Porra’s (1996, 1999, 2010) theory suggests that when humans bond with their computers in addition to (or instead of) other humans, the result is a variation of the human colony she calls an information colony. Porra proposes that humans form bonds with their CBISs as easily as if these were other human beings and provides a theory and mechanism of how this may alter the social evolution of humanness and the future of the species.
In nature, colonies have shown to have remarkable survival value. This type of systemic way of living together started 3 billion years ago. Humans are the only species that is actively attempting to create a digital version of itself to bond with, so we don’t yet know what the long-term impact of bonding with machines might be on the evolution of a species. There is little research on how information colonies might change the social evolution of humanness outside Porra and Parks’s (2006) relatively short-term study of high school student groups bonding via their lap top computers. A famous case study on Marcos Rodŕiguez Pantoja, a feral child who lived with wolves until brought back to civilization (Janer Manilla 1979) suggests, however, that disrupting human bonding with other humans may indeed impact our humanness.
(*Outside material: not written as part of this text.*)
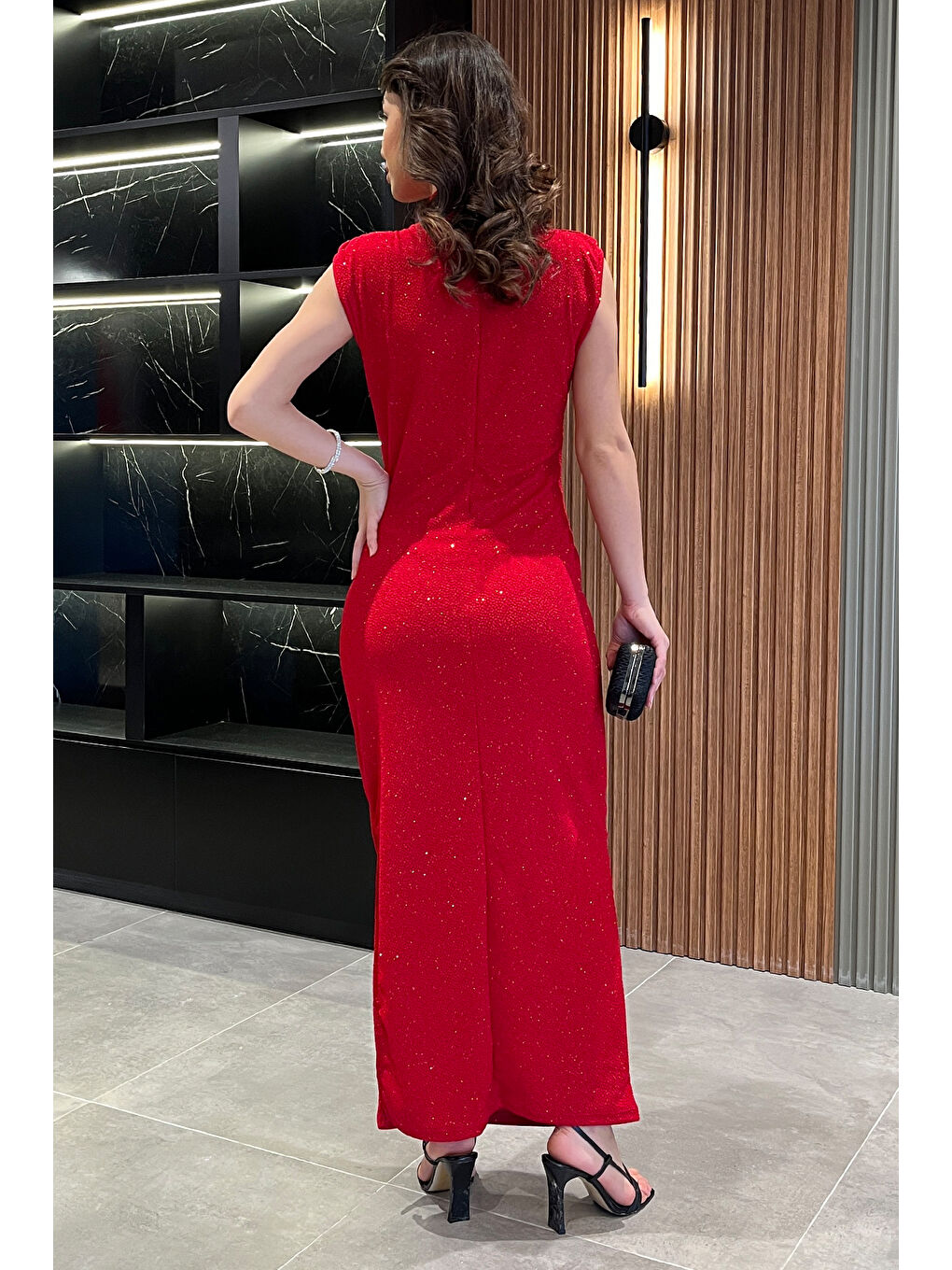 Kırmızı Sim Detaylı Drapeli Abiye Elbise-3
Reportedly, Pantoja had great difficulties adjusting to human life; was disappointed in human nature and longed to go back to living with wolves in the mountains. Porra’s colonial systems theory suggests that choices humans make on their life companions - whether living beings or machines – can have a significant impact on the fundamental characteristics of our species and alter humanity’s future over generations in largely unknown ways. Mahroof et al.’s (2018) study on technology’s impact on the next generation suggests that technology can steer children away from cultural inter-reliance toward technology centered independence.
Porra’s (1996, 1999, 2010) theory is based on a vertical evolutionary perspective - a very long-term social evolution of collective level humanness. Her theory emphasizes that every human colony and thus its humanness has uniqueness that is a result of it living through its specific contexts of space and time. In contrast, the current efforts to create digital human-likeness are founded on ideas kin to horizontal evolution - classification and categorization of things such as personality traits, characteristics and behaviors that are commonly assumed to be universal (at least within class) and independent from time and context; or on studying psychological differences at the sensorimotor, emotional, cognitive or social levels (Stock 2019; Libin and Libin 2004). Because the vertical and horizontal evolutionary theories of humanness are largely independent from one another, we can use Porra’s theory of humanness as a useful theoretical backdrop for examining the impact of digital human-likeness on humanness.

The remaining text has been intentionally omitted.